Liposculpting in El Paso Buyer Beware

Mark A. Jabor, M.D.

Liposuction has had many terms to describe it such as, liposculpting, lipoplasty, and liposculpture, among others. All are legitimate term to describe liposuction. These terms may be used interchangeably to indicate the same procedure. Often the decision on which to use is a preference of marketing design and the target audience to be reached. 

There are various types of liposuction which include: suction assisted liposuction, power assisted liposuction, ultrasonic assisted liposuction and laser assisted liposuction.  All methods accomplish the same goal, which is the removal of subcutaneous fat done with small incisions.  All use tumescent technique. This is the infiltration of fluid mixed with lidocaine and epinephrine before the fat is removed. The difference between the methods is the energy applied to disrupt the fat before it is removed. Be aware that the method used is only a tool to achieve the final result, and there are no clear cut advantages of one over the other. More importantly, is the “skill of the physician” operating the instrument. A “skilled physician” can achieve good results with any of the methods and an un-skilled physician may get poor results with any of the methods. Liposuction can be performed under local anesthesia but, more often than not, general anesthesia.

Liposuction allows a physician skilled in the technique to sculpt or contour different areas of the body. This is usually an out-patient procedure and patients typically return to work in several days to a week.Why beware?  The keywords are a “skilled physician” in this procedure.  The most important factor in a successful surgery is the surgeon you choose. In most states, Texas included, it is permissible for any licensed physician, even though they have no surgical training, to advertise as a plastic or cosmetic surgeon. For this reason, it is important for prospective patient’s to understand “board certification”.

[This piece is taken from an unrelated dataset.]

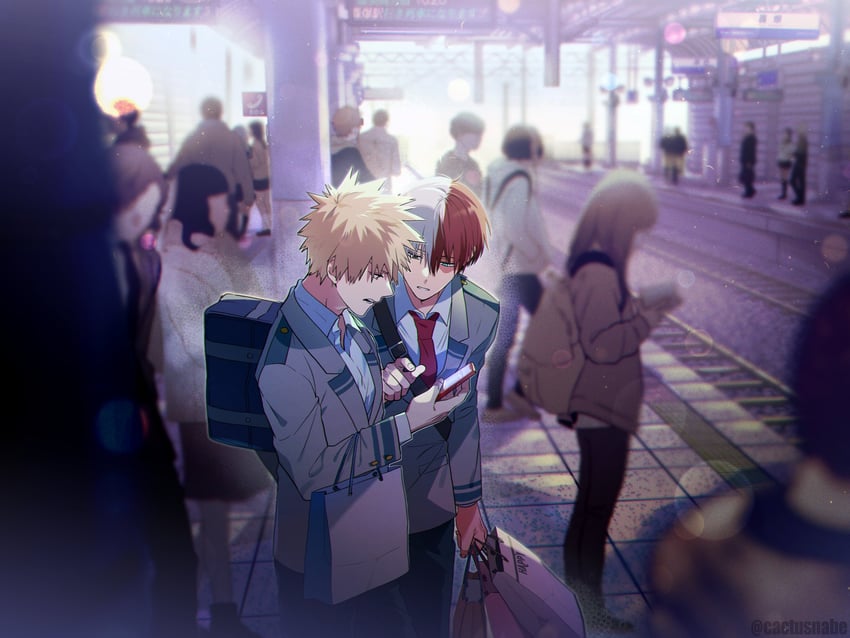 bakugou katsuki and todoroki shoto (boku no hero academia) drawn by cactusnabe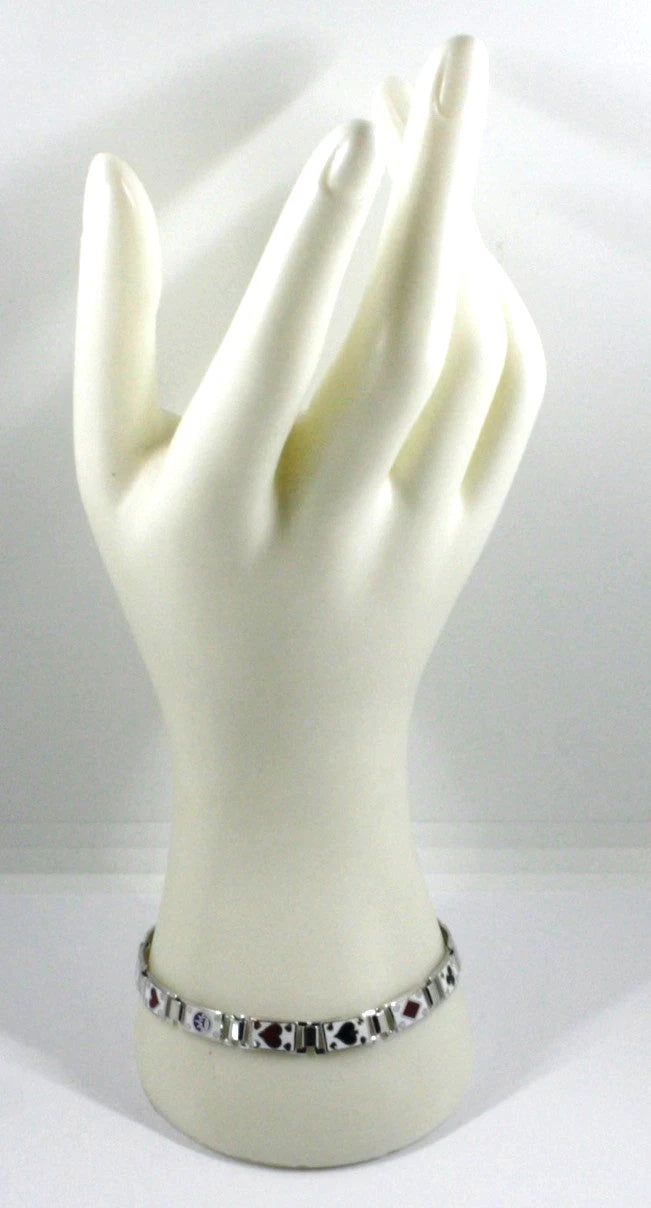 Arcadia-Armband aus 925er Sterlingsilber mit emaillierten Kartensymbolen, Stärke 6,5 mm, Länge 20,5 cm, hergestellt in Italien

The American Society of Plastic Surgeons requires its members to be certified by the American Board of Plastic Surgery. This board is the only one recognized by the American Board of Medical Specialties to certify physicians in the plastic surgery specialty. This certification guarantees that the doctor has graduated from an accredited medical school and completed at least five years of additional residency-usually three years of general surgery (or its equivalent) and two years of plastic surgery. In addition, the physician must practice plastic surgery for two years and pass comprehensive written and oral examinations to become board certified. Upon completion of this process, the board certified plastic surgeon may display the American Society of Plastic Surgeons symbol to affirm the physician’s credentials to individuals seeking a surgeon.

American Society of Plastic Surgeons

Physicians should also have privileges to perform procedures at accredited hospitals in the community, even if the procedure is being done at the physician’s facility. Obtaining hospital privileges means the surgeon is subject to approval by a body of his/her peers.

The credentialing accreditation process distinguishes a board certified plastic surgeon from a physician not certified in plastic surgery that has taken a weekend course on a procedure(s).

To protect yourself and secure a more favorable outcome; review the physician’s credentials, get educated on the procedure, meet the physician and staff, examine before/after pictures of the procedures you are interested in, and then follow through with your plastic surgery and look forward to your results.